The petitioners failed to establish standing “because they cannot show that their members have suffered or are threatened with suffering an injury in fact that is traceable to the regulation and redressable by a favorable decision,” the court wrote.
The court decided in the form of a per curiam ruling, which is used for cases judges don’t think deserve a formal opinion.
In their lawsuit, the American Petroleum Institute and a coalition of engine manufacturers arrayed under the Engine Products Group asked the circuit to vacate regulations issued by EPA to prevent engines incapable of running on E15 from being accidentally misfueled. But in oral arguments earlier this month, the challengers appeared more concerned about EPA’s approval of E15 in the first place (Greenwire, Oct. 6).
After the ethanol industry petitioned EPA to increase the amount of ethanol allowed in fuel from up to 10 percent, the agency approved E15 in October 2010 for cars from model years 2007 or later. In January 2011, EPA approved the fuel for use in models from 2001 to 2006.

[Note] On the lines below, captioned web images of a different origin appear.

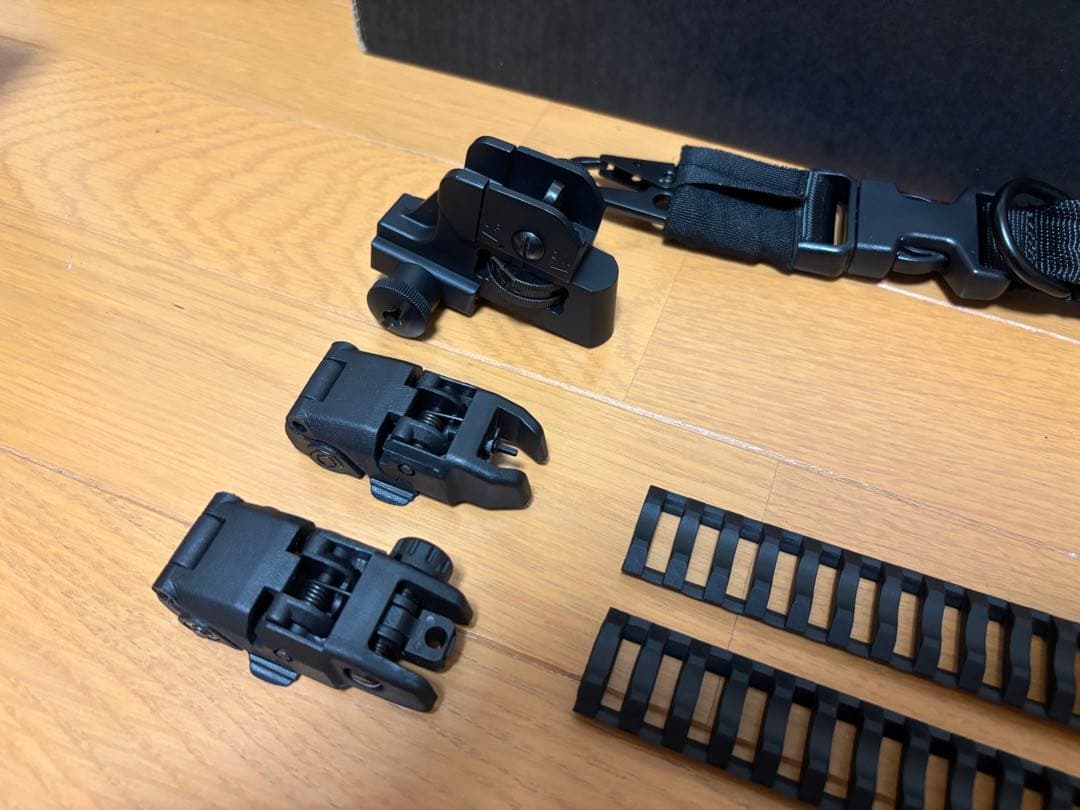 ケ*ン様 東京マルイ　次世代電動ガン SOPMOD M4 バッテリーX3 充電器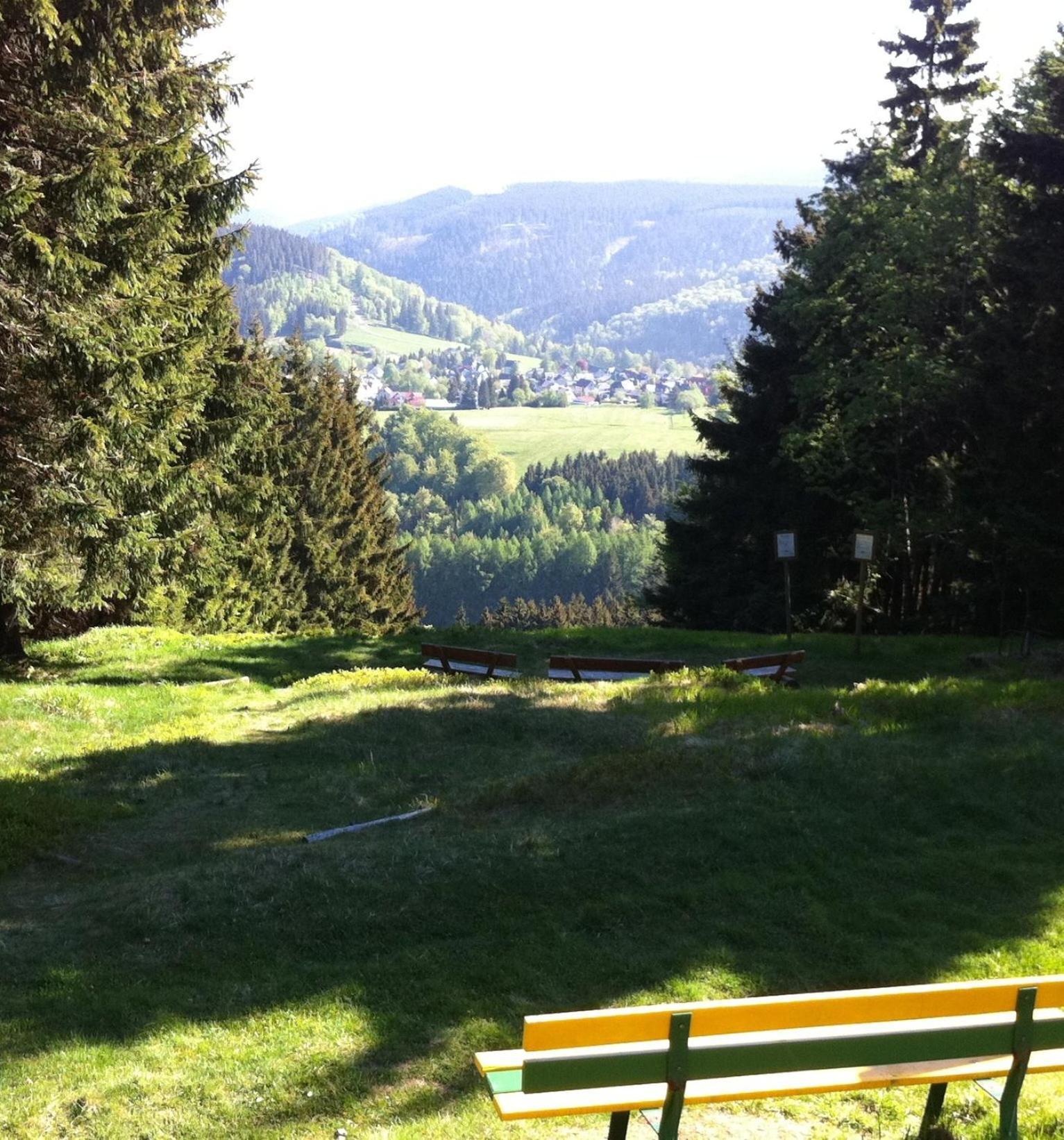 Hotel Zum Schneekopf "Garni" Gehlberg ภายนอก รูปภาพ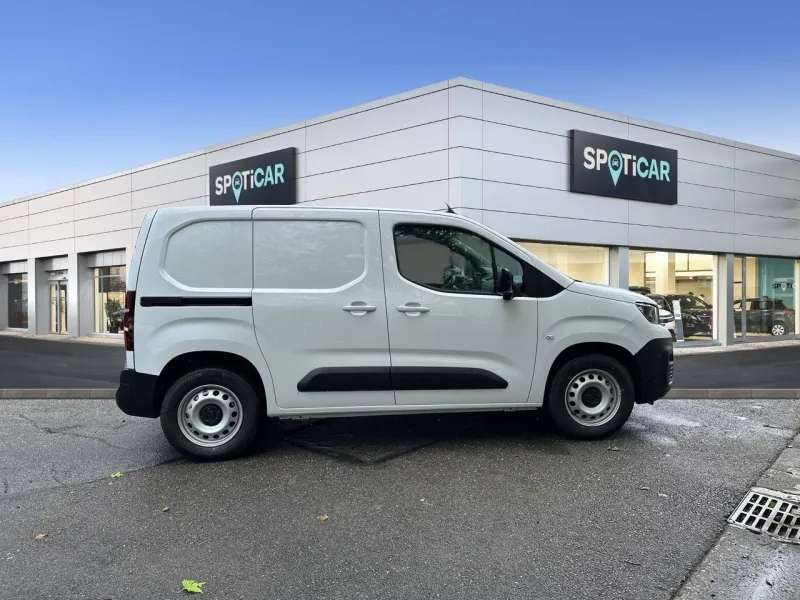 Image secondaire du véhicule 4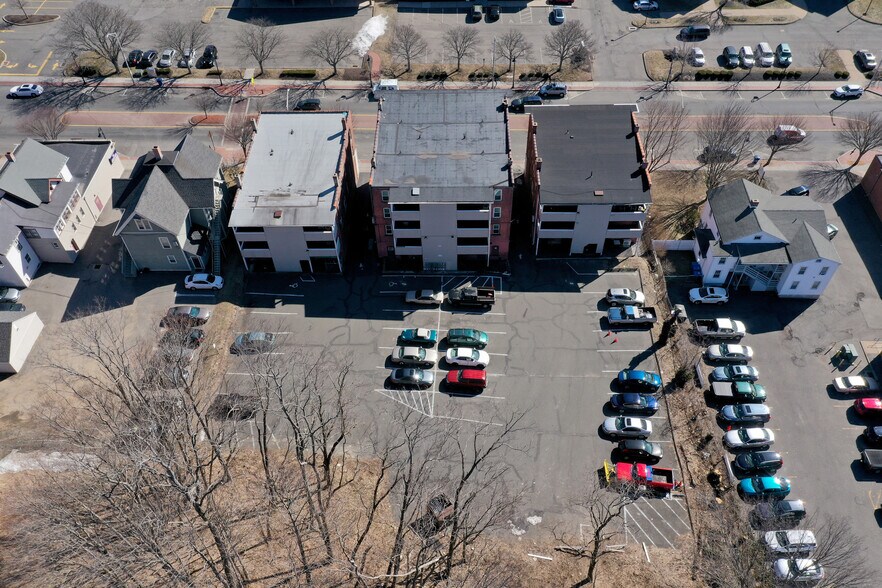 More Photos Of 411-431 N Main St, Bristol Apartments For Sale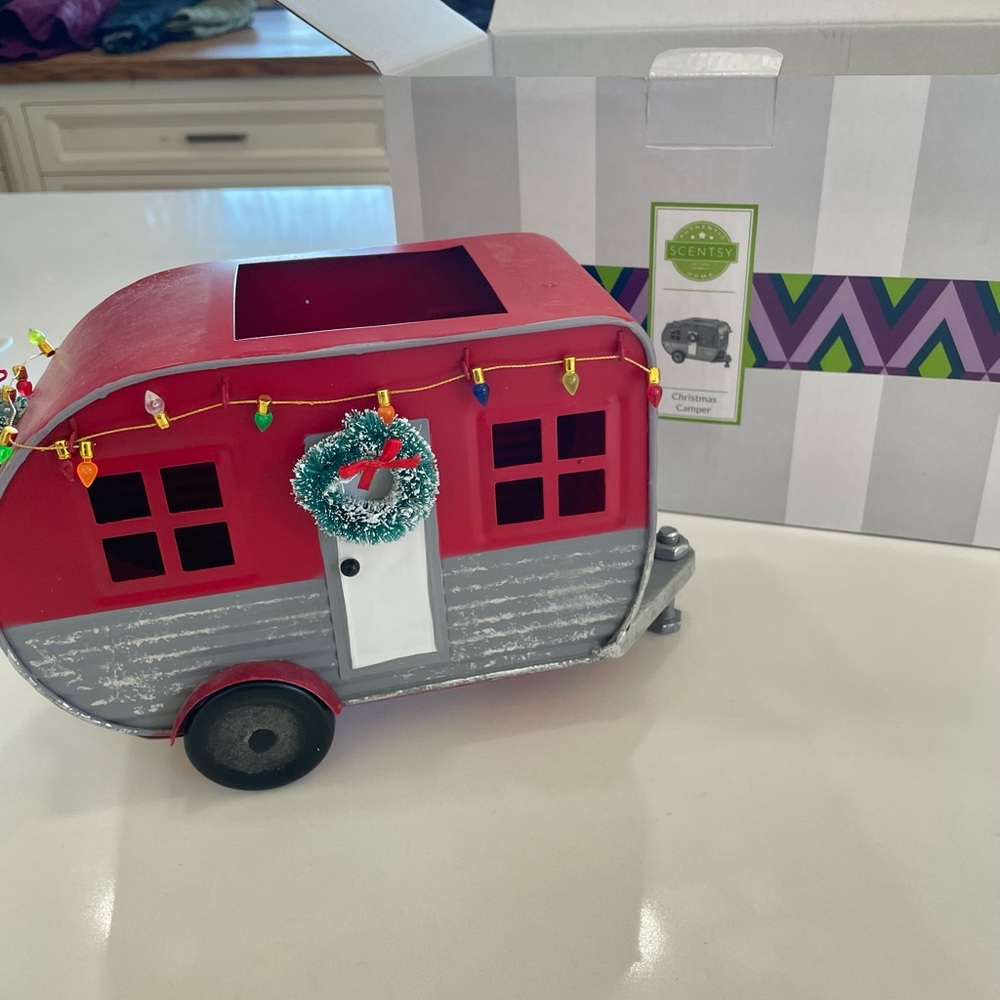 NEW Scentsy Christmas Retro Camper warmer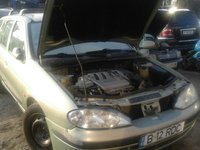 Dezmembrez Renault Megane 1 an 2000-2003 1.6 16v  benzina
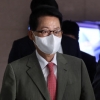 박지원, 日 총리에 文대통령 ‘관계 정상화’ 의지 전달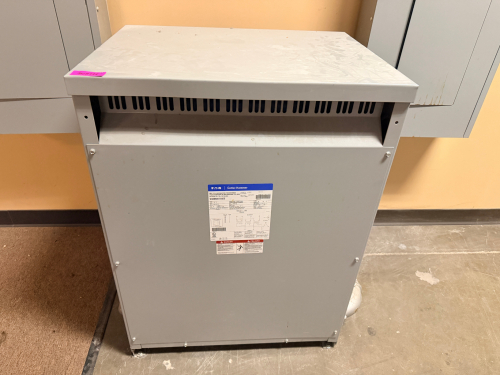 EATON CUTLER-HAMMER 75 KVA DRY-TYPE TRANSFORMER WITH (2) EATON CUTLER-HAMMER POW-R-LINE PRL3A PANELBOARDS. ASSEMBLY INCLUDES TRANSFORMER, LEFT AND RIGHT PANELBOARDS, INTERCONNECTING CONDUIT, AND MOUNTING HARDWARE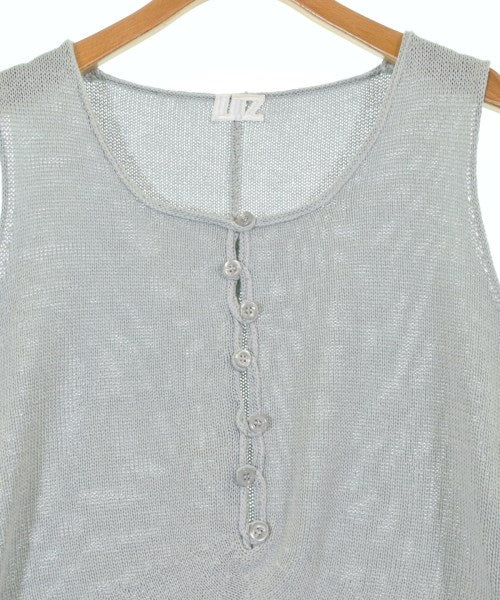 LUTZ เสื้อแขนกุด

Two years ago, the appeals court upheld EPA’s approvals of E15, tossing an industry challenge also on the grounds that the petitioners lacked legal standing (Greenwire, Aug. 17, 2012). The Supreme Court later declined to take up the case.
The appeals court said today that the decision in that case, Grocery Manufacturers Association v. EPA, dictated that it dismiss this new challenge by oil and engine groups.
The American Petroleum Institute failed to show that any of its members actually sold E15 at gas stations, while the Engine Products Group could not offer evidence showing that sales of E15 had resulted in injuries such as warranty claims and product liability lawsuits, the court said in today’s three-page ruling.
The court also rebuffed industry’s argument that vehicle owners in some places will “have no choice” but to use E15 because of a lack of gasoline containing 10 percent ethanol, the fuel that makes up about 95 percent of the gasoline market today.
“EPG provides no evidence that E15 has displaced or is likely to displace E10 in such a way as to drive consumers to use E15 for want of adequate E10 supplies,” the court wrote.
There are 85 gas stations in 12 states selling E15, according to the Renewable Fuels Association.